Thursday, August 16, 2007

What kind of squash is this?

One of the things that I listed on my 2007 Garden To Do List was to grow some vegetables that I haven't grown before. One such veggie was sweet potatoes which got destroyed by the critters. Another new addition was supposed to be spaghetti squash. I had planned on starting the seeds indoors under lights but unfortunately I never got around to doing it. Moving to plan B, I bought a container of spaghetti squash at the garden center which had two plants in it. They have been the biggest and healthiest plants in the garden and I thought all was well. We began finding recipes for cooking it and was excited to see if it actually looked like spaghetti. Once the fruits started to develop, I noticed that something was terribly wrong. These aren't spaghetti squash plants! I can't even figure out what kind of squash this is.
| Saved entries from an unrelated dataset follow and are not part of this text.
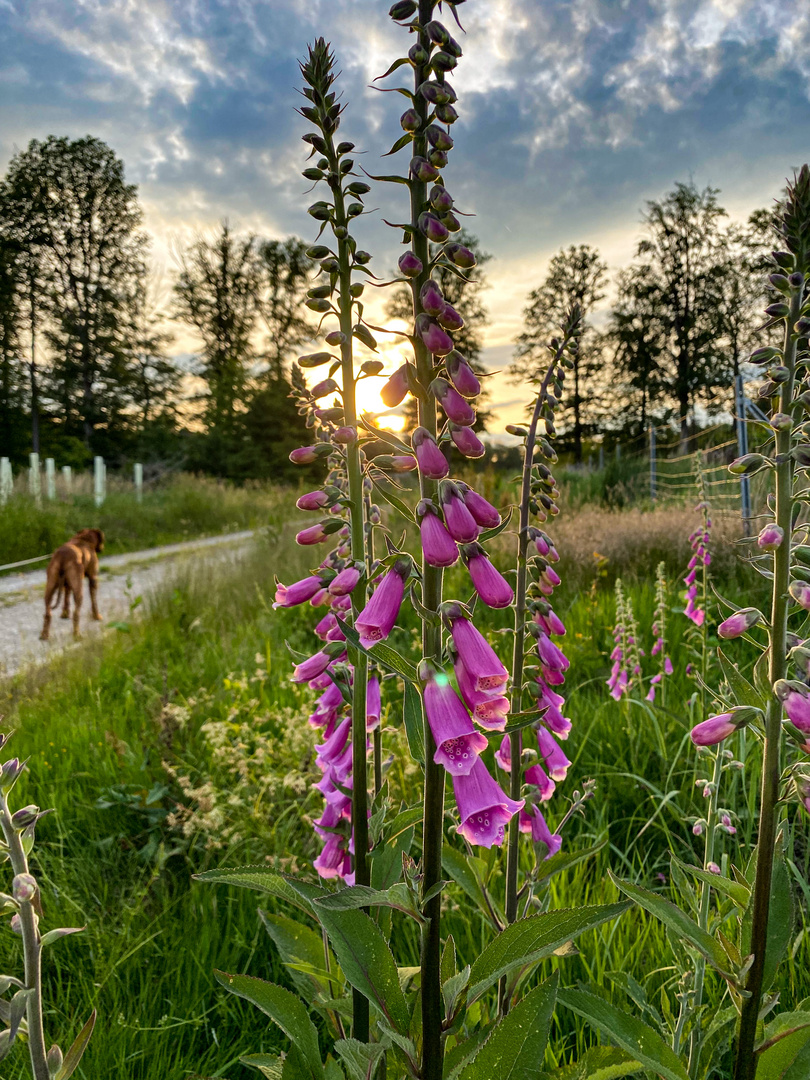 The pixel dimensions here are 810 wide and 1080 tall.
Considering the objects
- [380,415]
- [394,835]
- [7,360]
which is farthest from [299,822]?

I also don't know when they should be picked. Here is one that I picked small shown next to the spaghetti squash tag that came in the pot. It is obviously NOT going to change into the squash pictured.

I thought maybe it was a Patty Pan squash, so I bought one at the Farmers' Market to compare to.

Similar, but not as flat and wrong color. These pictures were taken a month ago and I have left more squashes on the vine to see if they change color. They have stayed green and just grown larger.

This is just another reason why it is better to start your own seeds instead of trusting plants from a garden center.

So please, if any of you recognize this squash, I would love to know what its name is and what to do with it. Even if you just have a guess I would love to hear from you.

Thanks in advance!

11 comments:

Harmony

Sounds like Scallopini Squash to me. From the description: "scallopini Notes: This is like a pattypan squash, only it's greener and rounder."

Carol

Your guess is as good as mine... I grew spaghetti squash from seed and have eaten a few already. It's my favorite squash and yes, it looks like spaghetti strands, sort of, once it is cooked. Delicious.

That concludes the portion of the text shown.